Directions: A verbatim copy of all the data is required; the pictures should not appear in it.

Supplied data:

■ ■ ■ ■ ■

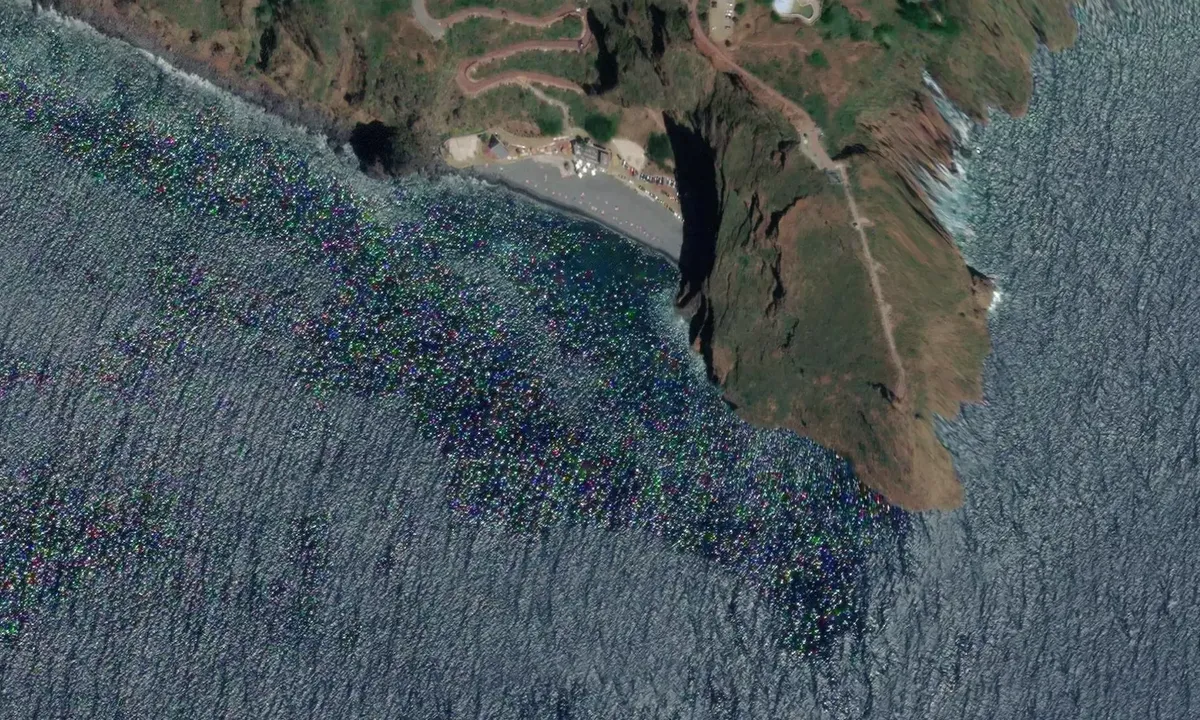 Satelite image of Cristo Rei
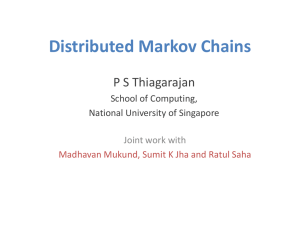 Distributed Markov Chains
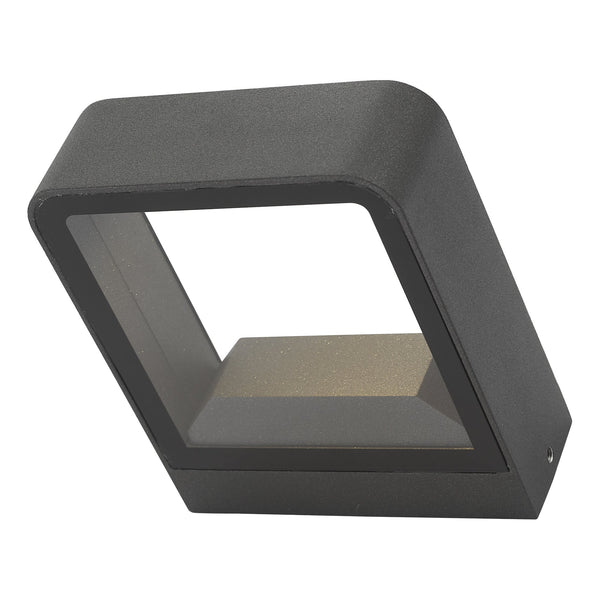 Dar MAL3239 Malone Square Outdoor Up & Down LED Wall Light IP65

■ ■ ■ ■ ■

The answer:
 Satelite image of Cristo Rei
 Distributed Markov Chains
 Dar MAL3239 Malone Square Outdoor Up & Down LED Wall Light IP65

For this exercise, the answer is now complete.